Why Detroit Residents Pushed Back Against Tree-Planting, by Brentin Mock (CityLab)

Detroiters were refusing city-sponsored “free trees.” A researcher found out the problem: She was the first person to ask them if they wanted them.

 … The residents Carmichael surveyed understood the benefits of having trees in urban environments—they provide shade and cooling, absorb air pollution, especially from traffic, increase property values, and improve health outcomes. But the reasons Detroit folks were submitting “no tree requests” were rooted in how they have historically interpreted their lived experiences in the city, or what Carmichael calls “heritage narratives.”

These are the stories that people from all walks of Detroit life tell themselves and each other about why city conditions are the way they are. The heritage narratives that residents shared about trees in Detroit were different from the ones shared among the people in city government and TGD.

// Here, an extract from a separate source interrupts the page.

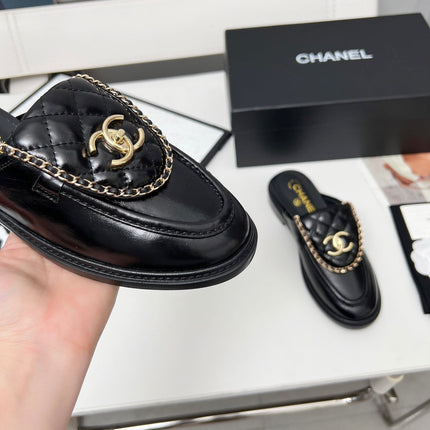 CHANEL 25S MULES WITH CHAIN DETAIL IN BLACK GLOSSY CALFSKIN GOLD HARDWARE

A couple of African-American women Carmichael talked to linked the tree-planting program to a painful racist moment in Detroit’s history, right after the 1967 race rebellion, when the city suddenly began cutting down elm trees in bulk in their neighborhoods. The city did this, as the women understood it, so that law enforcement and intelligence agents could better surveil their neighborhoods from helicopters and other high places after the urban uprising.

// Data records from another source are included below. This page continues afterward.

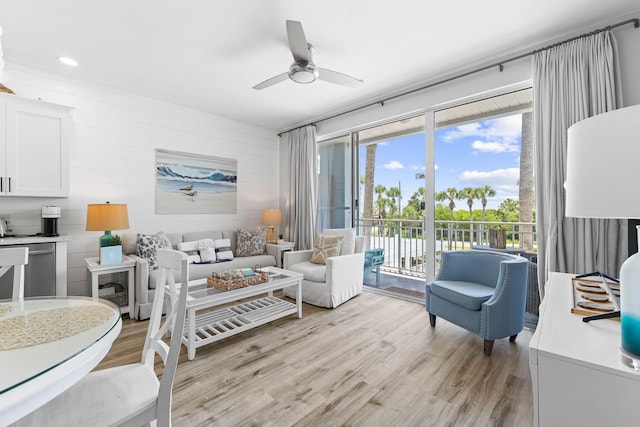 living room featuring light hardwood / wood-style floors and ceiling fan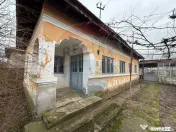 Casă / Vilă cu 3 camere de vânzare 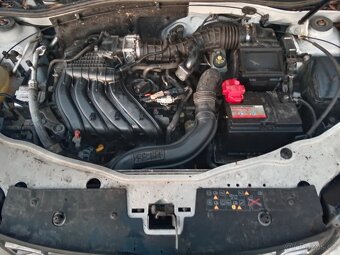 Dacia Duster 1.6i - 8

The city was chopping down trees at a faster clip at this time. And the city was flying helicopters over their homes at one point—to spray toxic DDT from above on the trees. However, the government’s stated reason for the mass tree-choppings was that the trees were dying off from the Dutch elm disease then spreading across the country. These were competing heritage narratives of the same event—the clearing away of trees in the 1960s. The two narratives are in conflict, but it was the women’s version, based on their lived experiences, that led to their decision to reject the trees today. It’s not that they didn’t trust the trees; they didn’t trust the city.

“In this case, the women felt that [after the race rebellion] the city just came in and cut down their trees, and now they want to just come in planting trees,” said Carmichael. “But they felt they should have a choice in this since they’ll be the ones caring for the trees and raking up the leaves when the planters leave. They felt that the decisions regarding whether to cut down trees or plant new ones were being made by someone else, and they were going to have to deal with the consequences.”